For patents issued thus far in 2017, the average patent lists 44 references submitted by the patent applicant for the examiner to consider. The median patent, however, only has 10 applicant cited references. The gulf between the mean and median is the result in skew in the dataset — here caused by a fairly small percentage of patents that cite a disproportionately large number of references. Thus, if you pick a few patents at random, about half of them will have <10 references cited by the applicant. Every once in a while, though, you’ll come across a big papi – see, for example U.S. Patent No. 9,535,563 and its 7,800 references cited by the applicant (inventor-patent attorney Steven Hoffberg). At the other end of the spectrum, about 12% of applicants cite no prior art at all — this is down from about 20% in 2005.

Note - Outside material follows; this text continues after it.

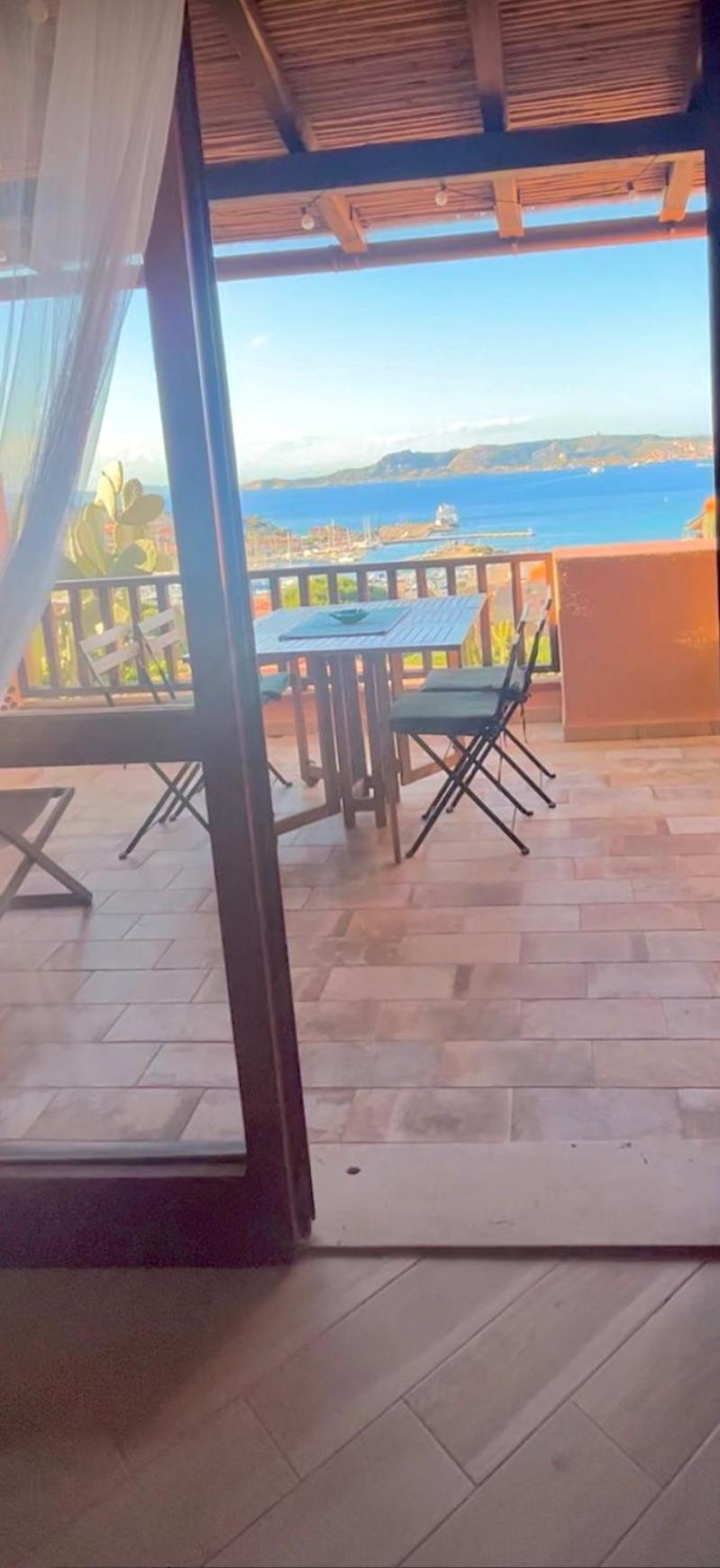 Holiday House Palau Bagian luar foto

One way to think about the skew is to look patents where applicants submit cite 250+ references — that represents about 3.5% of patents issued in 2017 thus far (though only 0.5% of patents issued in 2005). Those 3.5% of issued patents account for half of the prior art submitted to the PTO.
To be clear – I’m not demonizing patentees who submit lots of references. What I’m working toward is whether the large number of references creates any special difficulty or benefits for the examination process and whether examiners receive any special assistance in considering the large number of references submitted.
I think the chart below is interesting. I took the 2017 patents and grouped them in quintiles according to the number of references cited. For each quartile, I then found the average pendency (in months) for the issued patents. The results are clear – patents with more citations correlate with longer pendency. (Note that the auto-created axis does not reach ZERO – this makes the slope appear more dramatic than reality). Obviously we should be a bit cautious in interpreting this chart as suggesting a causal role.